- INFORMATION GIVEN -
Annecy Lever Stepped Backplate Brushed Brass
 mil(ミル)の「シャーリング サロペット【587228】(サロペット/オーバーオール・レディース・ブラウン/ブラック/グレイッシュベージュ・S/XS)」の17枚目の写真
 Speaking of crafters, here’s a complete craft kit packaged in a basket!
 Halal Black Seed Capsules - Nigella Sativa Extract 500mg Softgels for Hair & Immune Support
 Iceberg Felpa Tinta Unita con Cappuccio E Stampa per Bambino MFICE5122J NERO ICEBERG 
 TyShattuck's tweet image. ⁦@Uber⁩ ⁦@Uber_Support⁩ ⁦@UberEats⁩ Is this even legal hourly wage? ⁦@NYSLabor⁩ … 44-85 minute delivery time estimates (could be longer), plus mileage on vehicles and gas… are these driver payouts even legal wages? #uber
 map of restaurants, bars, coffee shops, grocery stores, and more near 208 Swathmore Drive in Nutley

- DIRECTIONS FOR THIS TASK -
Write out the material from the first line to the last, exactly.

- TASK ANSWER -
Annecy Lever Stepped Backplate Brushed Brass
 mil(ミル)の「シャーリング サロペット【587228】(サロペット/オーバーオール・レディース・ブラウン/ブラック/グレイッシュベージュ・S/XS)」の17枚目の写真
 Speaking of crafters, here’s a complete craft kit packaged in a basket!
 Halal Black Seed Capsules - Nigella Sativa Extract 500mg Softgels for Hair & Immune Support
 Iceberg Felpa Tinta Unita con Cappuccio E Stampa per Bambino MFICE5122J NERO ICEBERG 
 TyShattuck's tweet image. ⁦@Uber⁩ ⁦@Uber_Support⁩ ⁦@UberEats⁩ Is this even legal hourly wage? ⁦@NYSLabor⁩ … 44-85 minute delivery time estimates (could be longer), plus mileage on vehicles and gas… are these driver payouts even legal wages? #uber
 map of restaurants, bars, coffee shops, grocery stores, and more near 208 Swathmore Drive in Nutley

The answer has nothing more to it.